And for more horrors perpetrated in the name of the ‘prince of peace’:

”The Archbishop living on the banks of the Ethora had said during one of his lecture series, "The post of Inquiry Commission in Goa is regarded as holy." The women who opposed the assistants of the commission were put behind the bars and were used by them to satisfy their animal instincts. Then they were burnt alive as opponents of the established tenets of the Catholic Church.The victims of such inhuman laws of the Inquiry Commission included a French traveler named Delone. He was an eyewitness to the atrocities, cruelty and reign of terror unleashed by priests. He published a book in 1687 describing the lot of helpless victims. While he was in jail he had heard the cries of tortured people beaten with instruments having sharp teeth.

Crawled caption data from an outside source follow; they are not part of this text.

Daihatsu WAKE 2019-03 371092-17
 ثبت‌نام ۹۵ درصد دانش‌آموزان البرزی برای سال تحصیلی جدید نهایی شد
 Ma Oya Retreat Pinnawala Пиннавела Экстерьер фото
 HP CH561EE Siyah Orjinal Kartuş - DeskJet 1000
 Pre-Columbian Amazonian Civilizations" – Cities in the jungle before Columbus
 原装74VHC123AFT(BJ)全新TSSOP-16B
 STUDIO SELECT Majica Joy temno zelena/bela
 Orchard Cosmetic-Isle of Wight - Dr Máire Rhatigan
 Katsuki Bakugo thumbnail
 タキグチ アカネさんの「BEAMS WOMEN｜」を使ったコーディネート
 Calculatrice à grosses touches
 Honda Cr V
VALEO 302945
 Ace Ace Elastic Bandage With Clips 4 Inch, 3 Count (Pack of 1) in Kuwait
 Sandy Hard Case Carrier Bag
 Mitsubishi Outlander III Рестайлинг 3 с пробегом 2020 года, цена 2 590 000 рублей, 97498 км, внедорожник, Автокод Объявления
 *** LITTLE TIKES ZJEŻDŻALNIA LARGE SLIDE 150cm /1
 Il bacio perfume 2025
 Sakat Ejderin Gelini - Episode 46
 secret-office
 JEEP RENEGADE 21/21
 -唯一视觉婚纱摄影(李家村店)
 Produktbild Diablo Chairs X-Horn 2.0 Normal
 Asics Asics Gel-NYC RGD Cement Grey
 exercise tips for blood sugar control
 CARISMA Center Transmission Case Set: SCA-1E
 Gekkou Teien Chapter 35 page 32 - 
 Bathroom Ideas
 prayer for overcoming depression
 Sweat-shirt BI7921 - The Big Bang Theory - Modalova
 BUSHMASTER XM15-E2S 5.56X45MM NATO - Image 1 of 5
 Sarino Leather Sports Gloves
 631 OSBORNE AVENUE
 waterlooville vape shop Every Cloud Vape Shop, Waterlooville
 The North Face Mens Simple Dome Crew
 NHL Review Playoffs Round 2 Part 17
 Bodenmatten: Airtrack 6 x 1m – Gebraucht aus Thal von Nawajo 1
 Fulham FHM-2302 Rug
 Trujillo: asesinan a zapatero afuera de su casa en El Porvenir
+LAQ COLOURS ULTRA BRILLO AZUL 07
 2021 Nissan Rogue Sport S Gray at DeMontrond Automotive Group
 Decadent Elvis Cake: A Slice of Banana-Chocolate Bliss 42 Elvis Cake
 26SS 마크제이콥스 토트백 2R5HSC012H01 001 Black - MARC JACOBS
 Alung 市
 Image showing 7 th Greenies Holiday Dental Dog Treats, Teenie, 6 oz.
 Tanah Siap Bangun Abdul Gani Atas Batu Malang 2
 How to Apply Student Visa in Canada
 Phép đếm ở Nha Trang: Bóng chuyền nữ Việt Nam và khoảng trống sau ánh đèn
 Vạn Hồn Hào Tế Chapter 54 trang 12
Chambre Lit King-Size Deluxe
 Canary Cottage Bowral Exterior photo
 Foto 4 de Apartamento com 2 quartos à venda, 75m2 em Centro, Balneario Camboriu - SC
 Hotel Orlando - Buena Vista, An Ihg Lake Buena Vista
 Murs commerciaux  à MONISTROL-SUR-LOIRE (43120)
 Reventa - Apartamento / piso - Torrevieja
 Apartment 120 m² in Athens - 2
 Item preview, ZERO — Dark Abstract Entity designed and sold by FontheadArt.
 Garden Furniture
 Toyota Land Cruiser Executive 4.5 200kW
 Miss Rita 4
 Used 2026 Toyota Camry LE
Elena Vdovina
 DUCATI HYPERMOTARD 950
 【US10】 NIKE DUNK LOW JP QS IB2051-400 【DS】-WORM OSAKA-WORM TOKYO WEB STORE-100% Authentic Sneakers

All these details are noted in Delone's book.So harsh and notorious was the inquisition in Goa that word of its brutality and horrors reached Lisbon but nothing was done to stop this notoriety and escalating barbarity and it continued for two hundred more years. No body knows the exact number of Goans subjected to these diabolical tortures, but perhaps it runs into hundreds of thousands, may be even more. The abominations of inquisitions continued until a brief respite was given in 1774 but four years later, the inquisition was introduced again and it continued un-interruptedly until 1812. At that point in time, in the year of 1812, the British put pressure on the Portuguese to put an end to the terror of Inquisition and the presence of British troops in Goa enforced the British desire. Also the Portuguese power at this time was declining and they could not fight the British. The palace of the Grand Inquisitor, the Big House, was demolished and no trace of it remains today, which might remind someone of inquisitions and the horrors inside this Big House that their great saint Francis Xavier had commenced.”

It seems that ‘Saint’ Xavier actually supplanted Torquemanda in not only body count, but numbers as well as an ongoing, bloody legacy for nigh well two and a –half centuries.
There were monsters and madmen aplenty in those days, but Xavier stood the tallest: let his name ring out in infamy – his memory exhumed from the bloody shadows of forgotten history.
Another lost chapter in that realtime Necronomicon – the bible. More pages written on human skin, the quill dipped in blood.
‘Tis a good thing I believe not in ghosts – or I’d imagine hearing the ghastly cries carried on the winds of the ages.